■ Exercise prompt ■
Output exactly the lines below from the one containing "TSJ OFFICE Mobile" to the last line, both included. Omit pictures.
——————
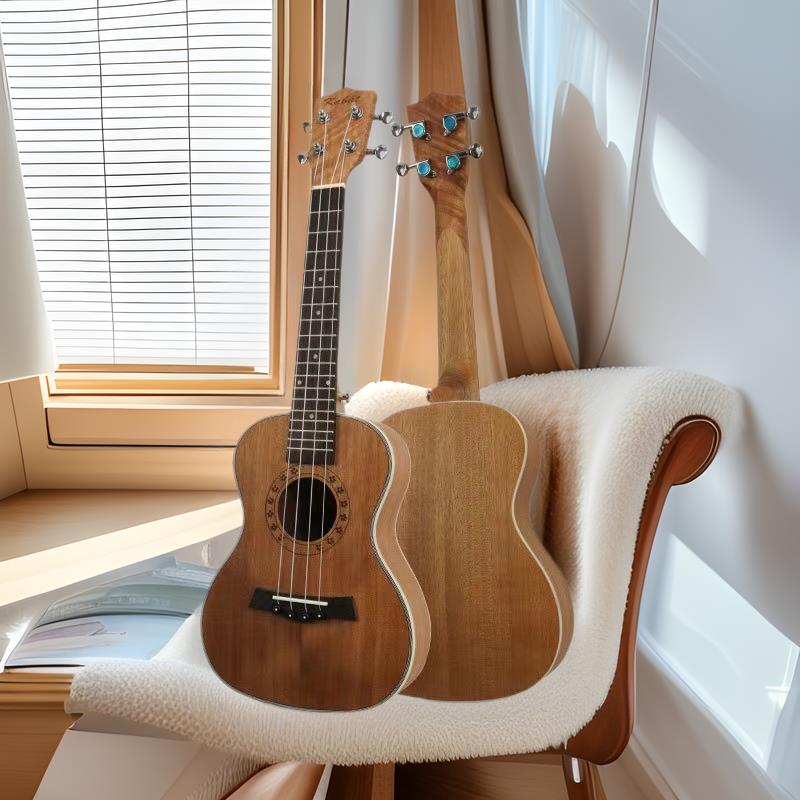 23寸尤克UKULELE乌克丽丽四弦小吉他全桃花芯木镶边高端乐器现货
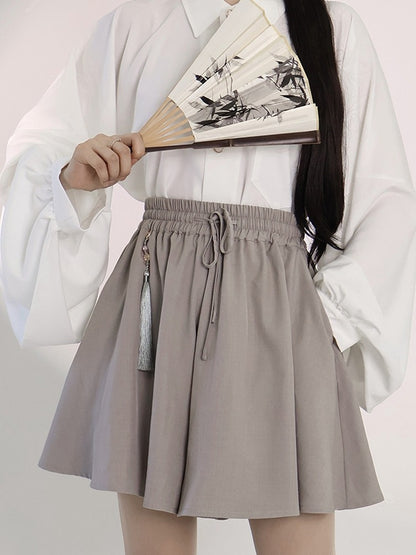 Gray Drawstring Elastic Waist Skort with Tassel Decoration - Feng Hua Gui Guo Ling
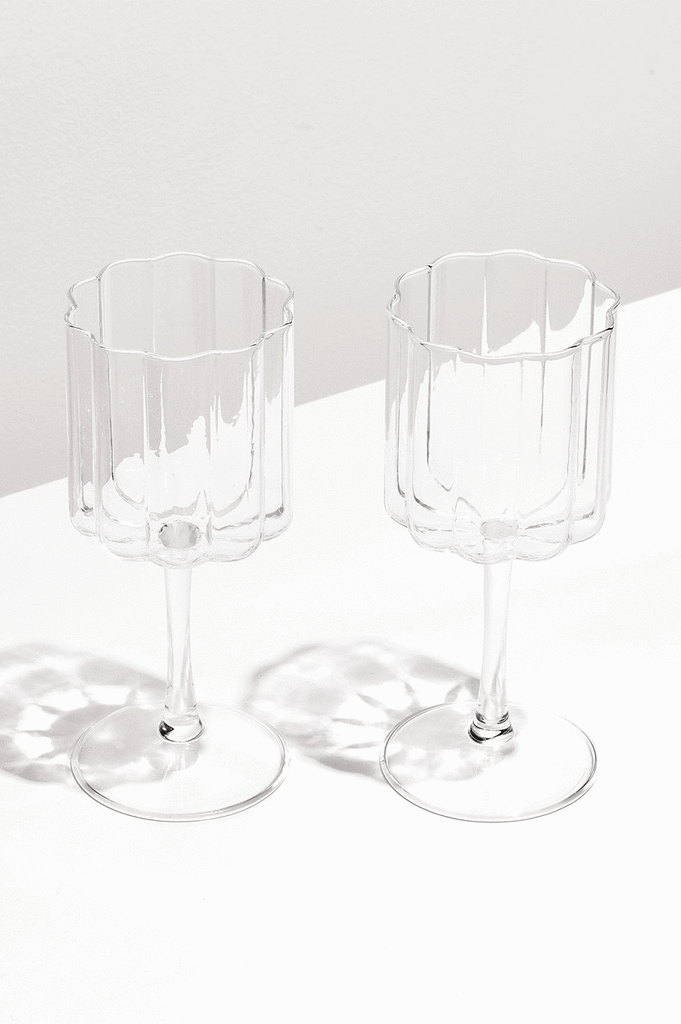 Fazeek Wave Wine Glass - Clear Set of 2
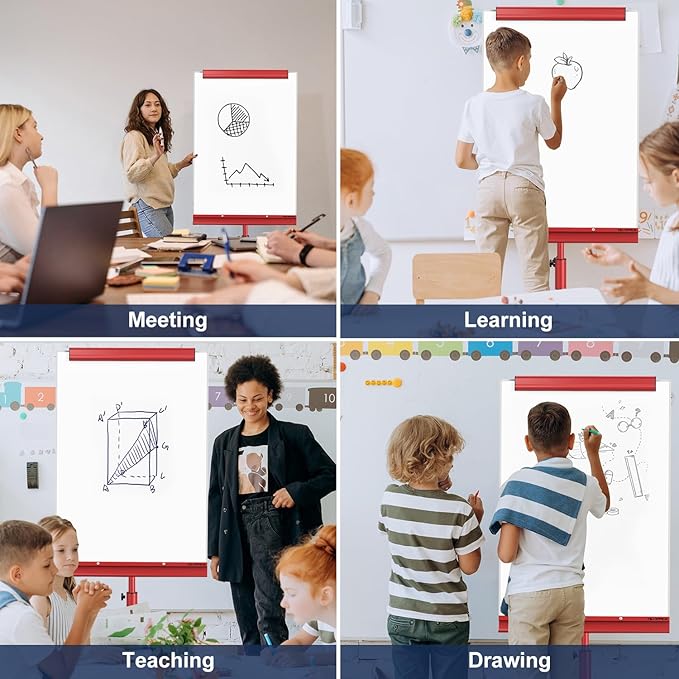 TSJ OFFICE Mobile Whiteboard Magnetic - 40 x 26 Inches Dry Erase Board on Wheel with Stand Flipchart Easel Height Adjustable,Red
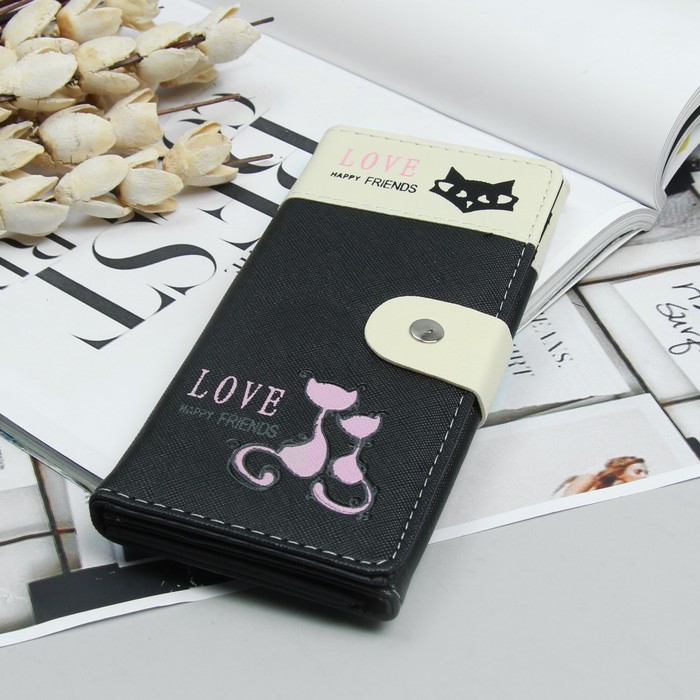 Кошелёк молодёжный, 2 отдела, для карт, цвет чёрный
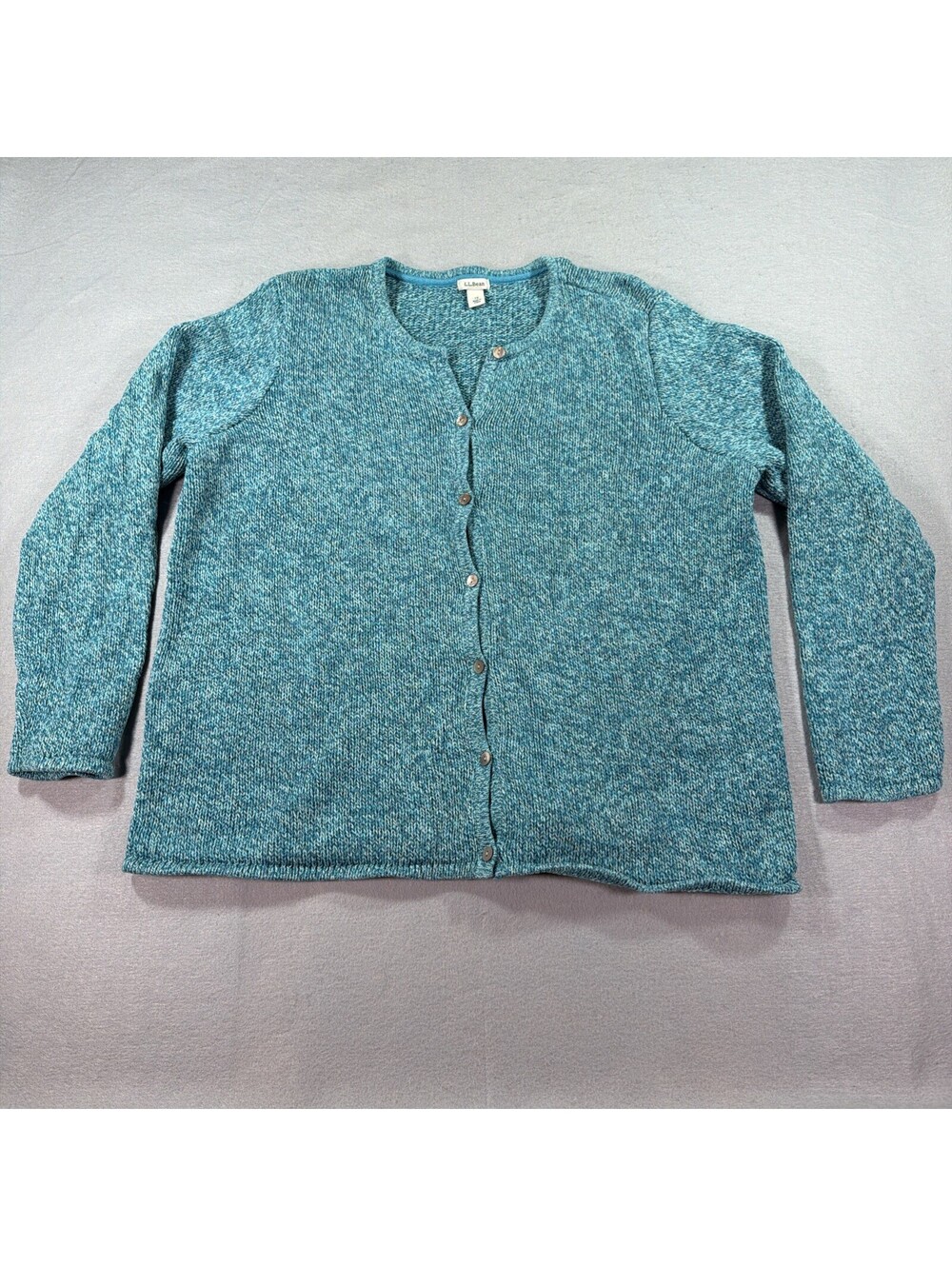 L.L. Bean Women's 1X Teal Blue Marled Knit Button-Front Cardigan Sweater 0196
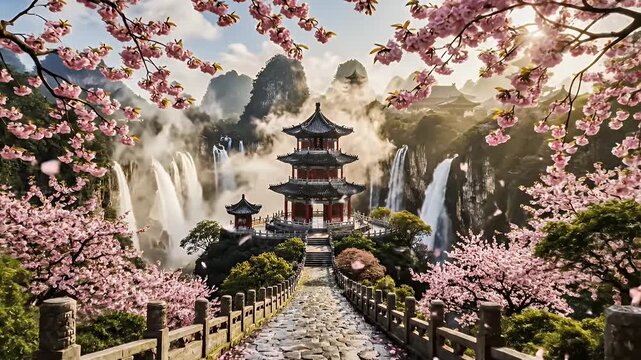 Spectacular Chinese temple complex perched high above cascading misty waterfalls and dramatic cliffside scenery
——————
■ Answer box ■
 TSJ OFFICE Mobile Whiteboard Magnetic - 40 x 26 Inches Dry Erase Board on Wheel with Stand Flipchart Easel Height Adjustable,Red
 Кошелёк молодёжный, 2 отдела, для карт, цвет чёрный
 L.L. Bean Women's 1X Teal Blue Marled Knit Button-Front Cardigan Sweater 0196
 Spectacular Chinese temple complex perched high above cascading misty waterfalls and dramatic cliffside scenery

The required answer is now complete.